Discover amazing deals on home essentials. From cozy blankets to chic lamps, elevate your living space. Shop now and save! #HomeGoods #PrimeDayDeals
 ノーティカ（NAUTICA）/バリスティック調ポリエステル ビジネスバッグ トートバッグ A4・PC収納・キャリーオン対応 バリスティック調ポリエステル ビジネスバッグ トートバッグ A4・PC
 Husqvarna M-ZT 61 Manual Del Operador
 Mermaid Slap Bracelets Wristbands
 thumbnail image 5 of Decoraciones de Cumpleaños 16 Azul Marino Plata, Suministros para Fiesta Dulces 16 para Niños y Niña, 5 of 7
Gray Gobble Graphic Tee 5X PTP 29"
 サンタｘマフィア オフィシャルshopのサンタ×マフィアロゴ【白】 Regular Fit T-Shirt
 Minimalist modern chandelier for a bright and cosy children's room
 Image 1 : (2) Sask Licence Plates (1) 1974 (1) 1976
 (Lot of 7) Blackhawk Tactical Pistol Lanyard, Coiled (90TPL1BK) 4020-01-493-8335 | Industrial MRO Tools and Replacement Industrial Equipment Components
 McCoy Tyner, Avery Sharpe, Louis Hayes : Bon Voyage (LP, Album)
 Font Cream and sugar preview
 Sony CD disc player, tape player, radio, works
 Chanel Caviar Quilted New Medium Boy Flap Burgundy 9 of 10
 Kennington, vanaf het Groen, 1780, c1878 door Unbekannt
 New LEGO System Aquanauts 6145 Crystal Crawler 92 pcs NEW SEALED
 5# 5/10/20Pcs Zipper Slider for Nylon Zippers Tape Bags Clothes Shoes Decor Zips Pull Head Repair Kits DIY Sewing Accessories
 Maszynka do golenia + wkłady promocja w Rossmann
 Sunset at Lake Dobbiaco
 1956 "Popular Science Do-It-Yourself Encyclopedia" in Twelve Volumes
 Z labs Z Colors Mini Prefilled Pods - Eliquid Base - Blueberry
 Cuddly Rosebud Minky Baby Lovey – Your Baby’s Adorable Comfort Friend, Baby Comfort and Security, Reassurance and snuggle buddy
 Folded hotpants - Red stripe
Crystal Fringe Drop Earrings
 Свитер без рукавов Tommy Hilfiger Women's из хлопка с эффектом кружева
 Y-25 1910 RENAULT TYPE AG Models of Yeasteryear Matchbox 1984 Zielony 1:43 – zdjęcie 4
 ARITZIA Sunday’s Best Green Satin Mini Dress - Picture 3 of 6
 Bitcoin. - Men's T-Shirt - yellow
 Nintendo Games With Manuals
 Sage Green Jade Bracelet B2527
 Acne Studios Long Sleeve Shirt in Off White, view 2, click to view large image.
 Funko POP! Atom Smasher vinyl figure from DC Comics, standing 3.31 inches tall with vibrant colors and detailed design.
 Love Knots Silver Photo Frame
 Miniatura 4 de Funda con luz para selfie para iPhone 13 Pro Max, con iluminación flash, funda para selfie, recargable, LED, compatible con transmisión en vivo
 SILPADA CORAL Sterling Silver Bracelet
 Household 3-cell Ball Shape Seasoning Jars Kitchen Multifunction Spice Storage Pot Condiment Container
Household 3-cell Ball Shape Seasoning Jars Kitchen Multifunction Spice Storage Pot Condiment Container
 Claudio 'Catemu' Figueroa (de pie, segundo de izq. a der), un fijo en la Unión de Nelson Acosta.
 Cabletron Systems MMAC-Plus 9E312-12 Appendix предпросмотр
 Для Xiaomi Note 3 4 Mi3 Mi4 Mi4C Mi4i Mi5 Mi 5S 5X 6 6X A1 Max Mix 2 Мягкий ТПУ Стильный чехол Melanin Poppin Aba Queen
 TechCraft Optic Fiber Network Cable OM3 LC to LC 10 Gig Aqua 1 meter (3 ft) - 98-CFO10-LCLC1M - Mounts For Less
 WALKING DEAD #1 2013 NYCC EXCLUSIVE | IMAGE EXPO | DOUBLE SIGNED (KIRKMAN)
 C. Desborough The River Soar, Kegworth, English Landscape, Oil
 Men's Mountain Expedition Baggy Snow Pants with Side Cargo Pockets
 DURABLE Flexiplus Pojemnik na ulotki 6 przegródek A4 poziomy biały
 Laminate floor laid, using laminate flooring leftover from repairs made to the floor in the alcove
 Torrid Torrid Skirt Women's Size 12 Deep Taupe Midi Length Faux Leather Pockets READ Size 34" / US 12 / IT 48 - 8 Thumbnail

> [AIM OF THE EXERCISE]
Using the entries above, give again exactly the lines from the line holding "Sunset at Lake Dobbiaco" through the line holding "Acne Studios Long". Include both end lines and nothing else.

> [RESULT OF THE TASK]
 Sunset at Lake Dobbiaco
 1956 "Popular Science Do-It-Yourself Encyclopedia" in Twelve Volumes
 Z labs Z Colors Mini Prefilled Pods - Eliquid Base - Blueberry
 Cuddly Rosebud Minky Baby Lovey – Your Baby’s Adorable Comfort Friend, Baby Comfort and Security, Reassurance and snuggle buddy
 Folded hotpants - Red stripe
Crystal Fringe Drop Earrings
 Свитер без рукавов Tommy Hilfiger Women's из хлопка с эффектом кружева
 Y-25 1910 RENAULT TYPE AG Models of Yeasteryear Matchbox 1984 Zielony 1:43 – zdjęcie 4
 ARITZIA Sunday’s Best Green Satin Mini Dress - Picture 3 of 6
 Bitcoin. - Men's T-Shirt - yellow
 Nintendo Games With Manuals
 Sage Green Jade Bracelet B2527
 Acne Studios Long Sleeve Shirt in Off White, view 2, click to view large image.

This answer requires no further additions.